Byzantine-Robust Optimization under $(L_0, L_1)$-Smoothness
Arman Bolatov , Samuel Horváth , Martin Takáč , Eduard Gorbunov
Published on arXiv
2603.12512
Data Poisoning Attack
OWASP ML Top 10 — ML02
Key Finding
Achieves O(K^{-1/4}) convergence rate under Byzantine attacks while maintaining robustness across various attack strategies (Bit Flipping, Label Flipping, Mimic, ALIE)
Byz-NSGDM
Novel technique introduced
We consider distributed optimization under Byzantine attacks in the presence of $(L_0,L_1)$-smoothness, a generalization of standard $L$-smoothness that captures functions with state-dependent gradient Lipschitz constants.

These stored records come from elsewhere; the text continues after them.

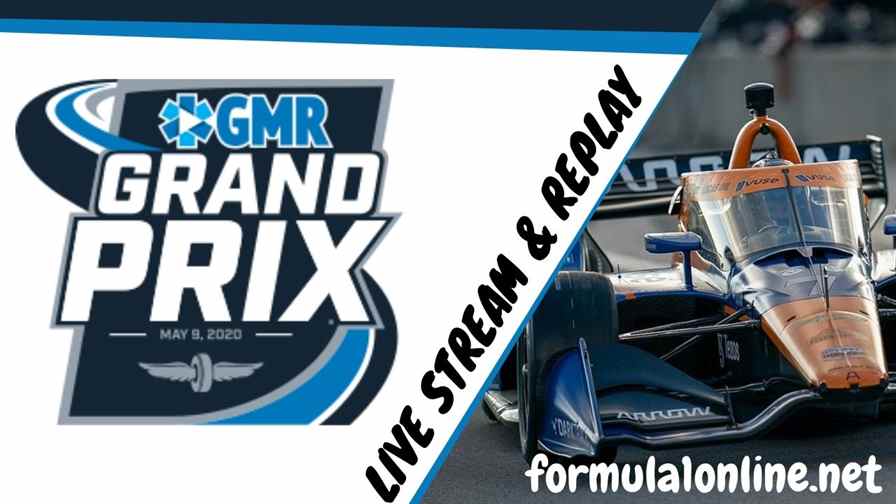 Watch IndyCar GMR Grand Prix Live Stream 2022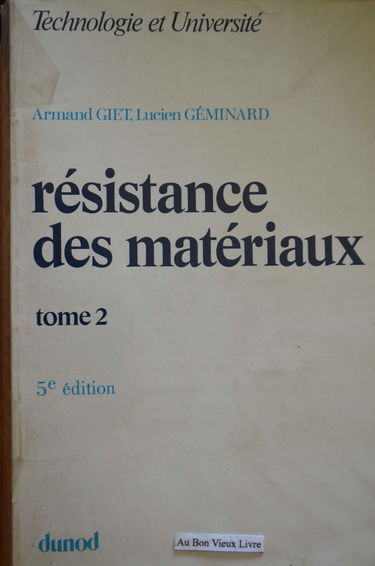 Résistance des matériaux. Vol. 2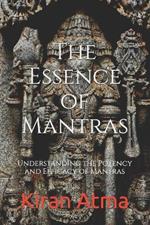 The Essence of Mantras: Understanding the Efficacy and Potency of Mantras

We propose Byz-NSGDM, a normalized stochastic gradient descent method with momentum that achieves robustness against Byzantine workers while maintaining convergence guarantees. Our algorithm combines momentum normalization with Byzantine-robust aggregation enhanced by Nearest Neighbor Mixing (NNM) to handle both the challenges posed by $(L_0,L_1)$-smoothness and Byzantine adversaries. We prove that Byz-NSGDM achieves a convergence rate of $O(K^{-1/4})$ up to a Byzantine bias floor proportional to the robustness coefficient and gradient heterogeneity. Experimental validation on heterogeneous MNIST classification, synthetic $(L_0,L_1)$-smooth optimization, and character-level language modeling with a small GPT model demonstrates the effectiveness of our approach against various Byzantine attack strategies. An ablation study further shows that Byz-NSGDM is robust across a wide range of momentum and learning rate choices.
Key Contributions
- First Byzantine-robust optimization algorithm designed for (L0,L1)-smooth functions combining normalized momentum with robust aggregation
- Theoretical convergence rate of O(K^{-1/4}) under Byzantine attacks with explicit dependence on robustness coefficient and gradient heterogeneity
- Empirical validation across MNIST, synthetic optimization, and GPT language modeling against multiple Byzantine attack strategies
🛡️ Threat Analysis
Defends against Byzantine attacks in federated learning where malicious workers send arbitrary or corrupted gradient updates to degrade global model performance — this is data poisoning via gradient manipulation at training time.